Short web captions
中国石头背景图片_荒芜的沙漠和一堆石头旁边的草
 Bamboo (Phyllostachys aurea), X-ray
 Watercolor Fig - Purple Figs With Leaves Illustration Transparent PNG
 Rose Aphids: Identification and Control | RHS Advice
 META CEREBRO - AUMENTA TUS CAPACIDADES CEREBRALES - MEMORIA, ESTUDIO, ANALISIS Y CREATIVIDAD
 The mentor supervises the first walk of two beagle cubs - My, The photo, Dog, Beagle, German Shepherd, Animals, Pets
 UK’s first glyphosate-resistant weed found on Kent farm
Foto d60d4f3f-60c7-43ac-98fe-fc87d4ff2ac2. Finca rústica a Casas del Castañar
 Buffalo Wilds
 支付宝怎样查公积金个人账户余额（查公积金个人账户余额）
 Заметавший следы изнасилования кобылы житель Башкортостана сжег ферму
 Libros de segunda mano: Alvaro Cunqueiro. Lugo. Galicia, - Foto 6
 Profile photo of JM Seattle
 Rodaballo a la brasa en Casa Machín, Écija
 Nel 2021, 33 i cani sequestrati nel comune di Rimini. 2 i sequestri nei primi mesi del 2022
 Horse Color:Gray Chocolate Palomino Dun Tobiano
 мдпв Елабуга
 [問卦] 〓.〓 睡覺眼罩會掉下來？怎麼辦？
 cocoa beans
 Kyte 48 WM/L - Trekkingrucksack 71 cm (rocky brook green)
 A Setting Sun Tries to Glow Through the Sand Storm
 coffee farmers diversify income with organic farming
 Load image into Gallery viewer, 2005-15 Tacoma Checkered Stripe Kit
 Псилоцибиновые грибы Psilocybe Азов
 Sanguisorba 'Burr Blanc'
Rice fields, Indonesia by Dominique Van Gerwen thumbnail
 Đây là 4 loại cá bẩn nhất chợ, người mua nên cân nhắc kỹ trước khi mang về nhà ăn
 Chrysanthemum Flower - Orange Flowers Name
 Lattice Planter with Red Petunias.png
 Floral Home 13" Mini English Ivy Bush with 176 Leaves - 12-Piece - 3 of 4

= THE TASK =
Write out exactly the lines above between the line with "Bamboo (Phyllostachys aurea), X-ray" and the line with "META CEREBRO - AUMENTA", inclusive, and nothing beyond them.

= TASK RESULT =
 Bamboo (Phyllostachys aurea), X-ray
 Watercolor Fig - Purple Figs With Leaves Illustration Transparent PNG
 Rose Aphids: Identification and Control | RHS Advice
 META CEREBRO - AUMENTA TUS CAPACIDADES CEREBRALES - MEMORIA, ESTUDIO, ANALISIS Y CREATIVIDAD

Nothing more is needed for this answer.